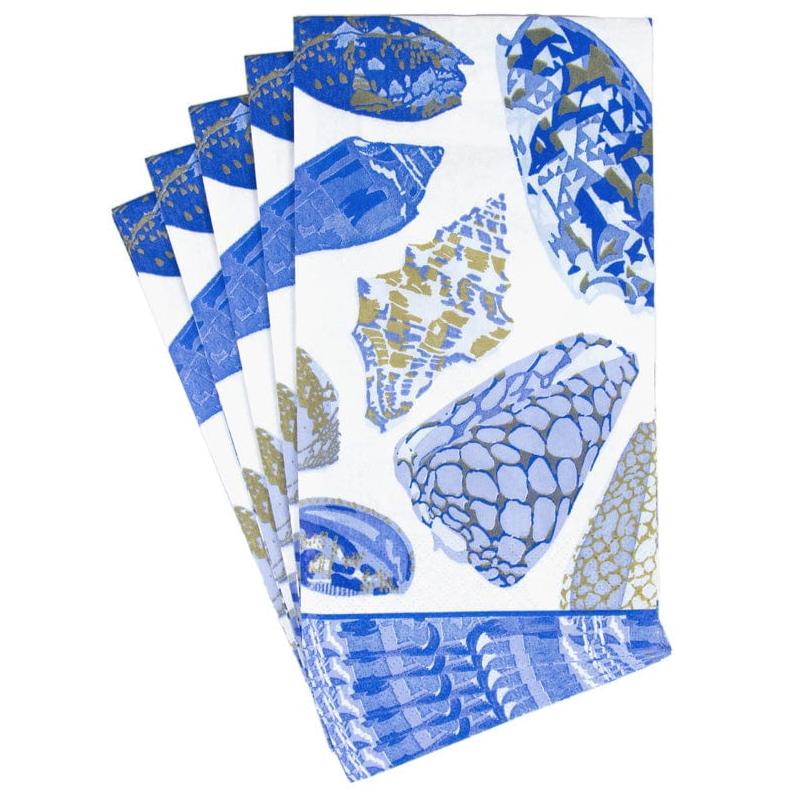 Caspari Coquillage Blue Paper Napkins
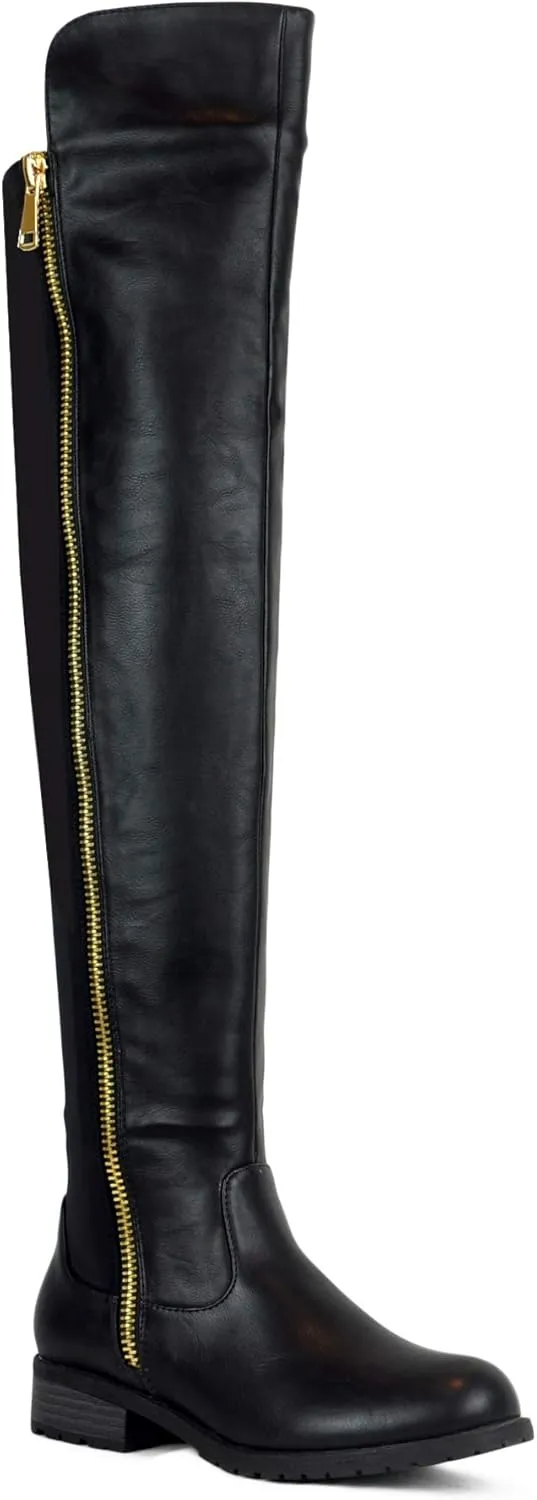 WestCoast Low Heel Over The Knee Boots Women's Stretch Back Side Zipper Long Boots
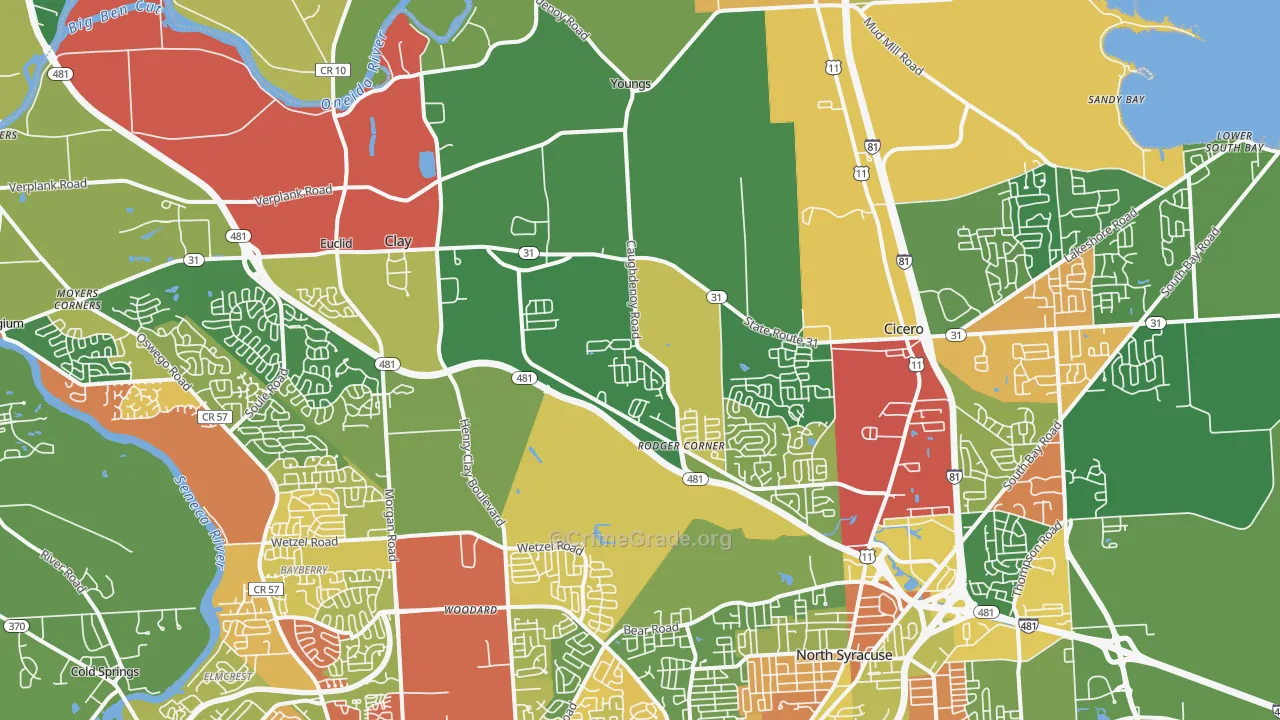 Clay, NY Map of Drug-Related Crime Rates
...
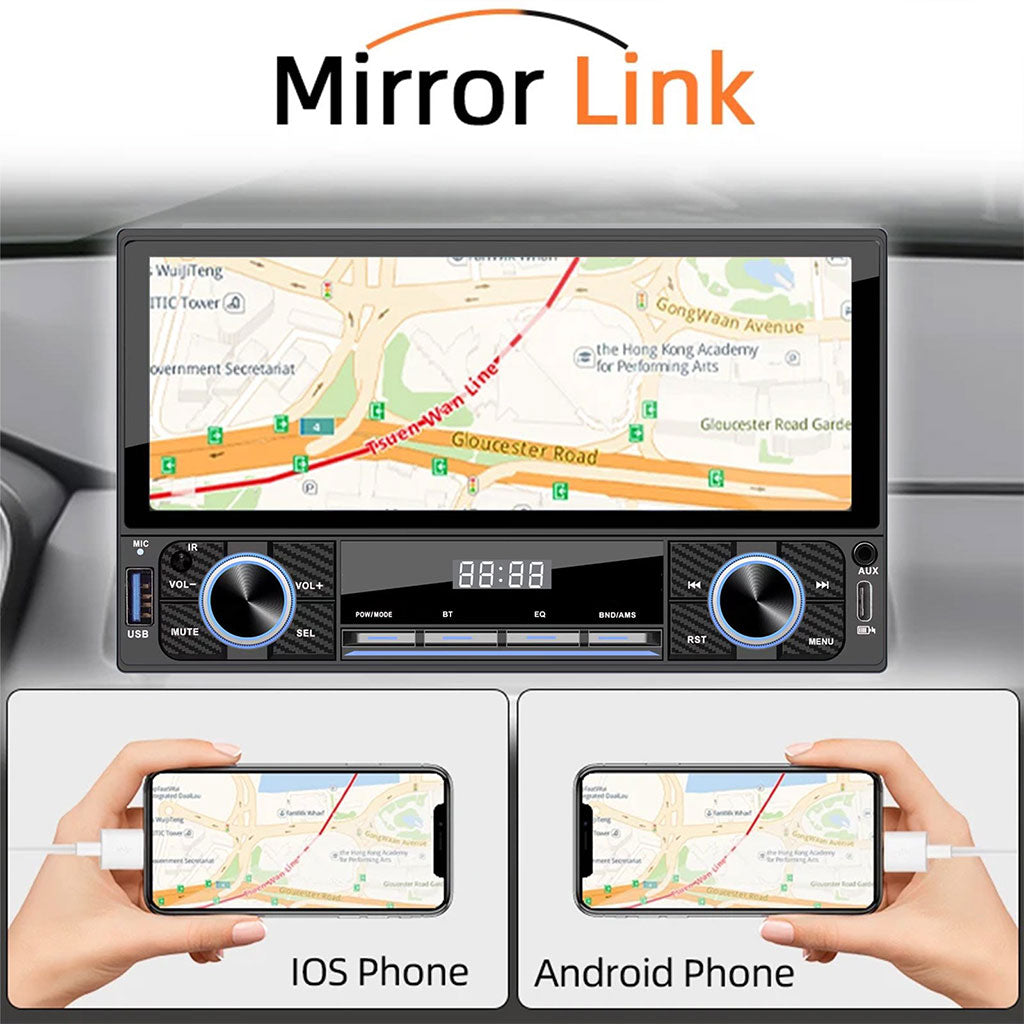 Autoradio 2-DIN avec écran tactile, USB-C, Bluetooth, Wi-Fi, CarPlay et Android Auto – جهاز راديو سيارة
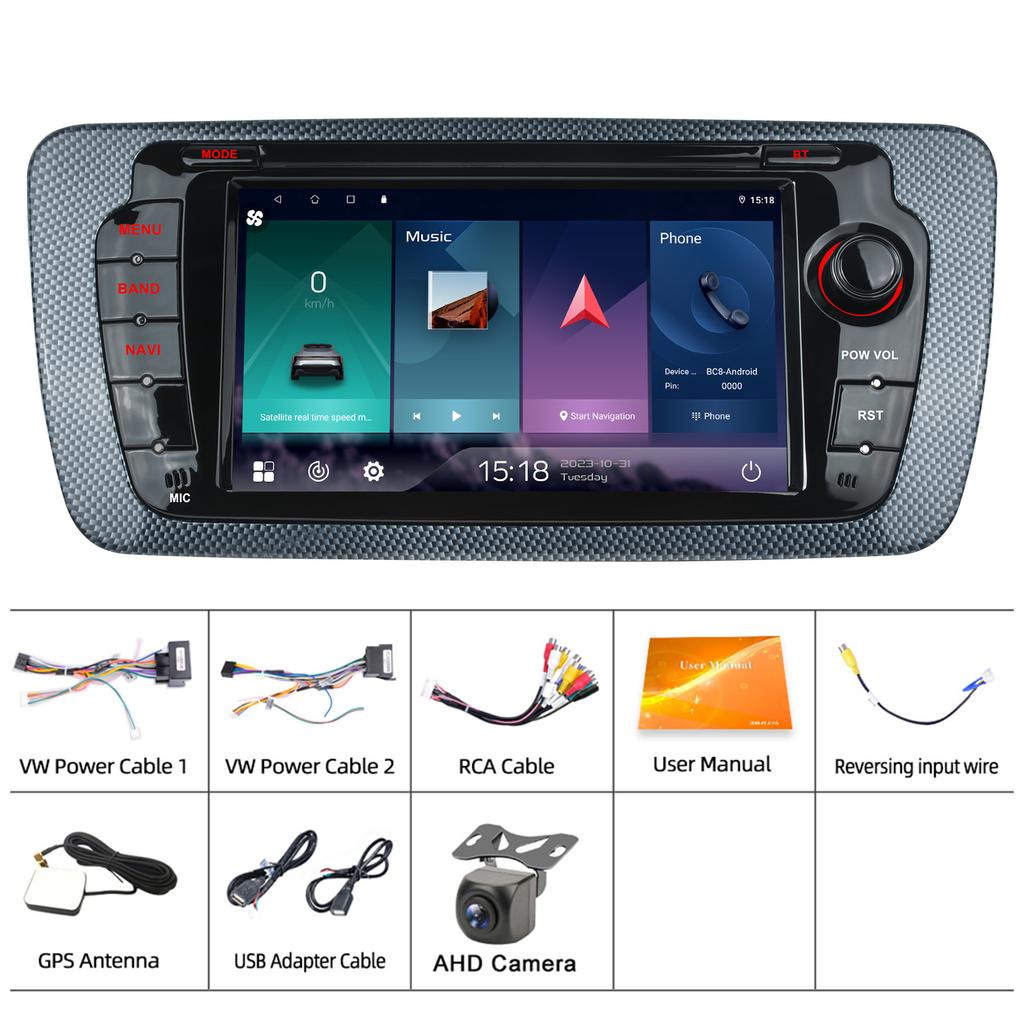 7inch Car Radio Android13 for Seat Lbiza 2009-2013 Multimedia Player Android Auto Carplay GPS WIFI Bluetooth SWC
==
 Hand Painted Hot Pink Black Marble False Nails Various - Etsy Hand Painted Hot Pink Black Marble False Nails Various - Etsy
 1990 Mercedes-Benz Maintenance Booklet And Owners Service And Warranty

# YOUR ASSIGNMENT:
The answer must be the lines above from the one containing "WestCoast Low Heel" through the one containing "Clay, NY Map of Drug-Related Crime Rates", reproduced exactly, with no pictures and nothing else.

# RESPONSE FOR THIS EXERCISE:
 WestCoast Low Heel Over The Knee Boots Women's Stretch Back Side Zipper Long Boots
 Clay, NY Map of Drug-Related Crime Rates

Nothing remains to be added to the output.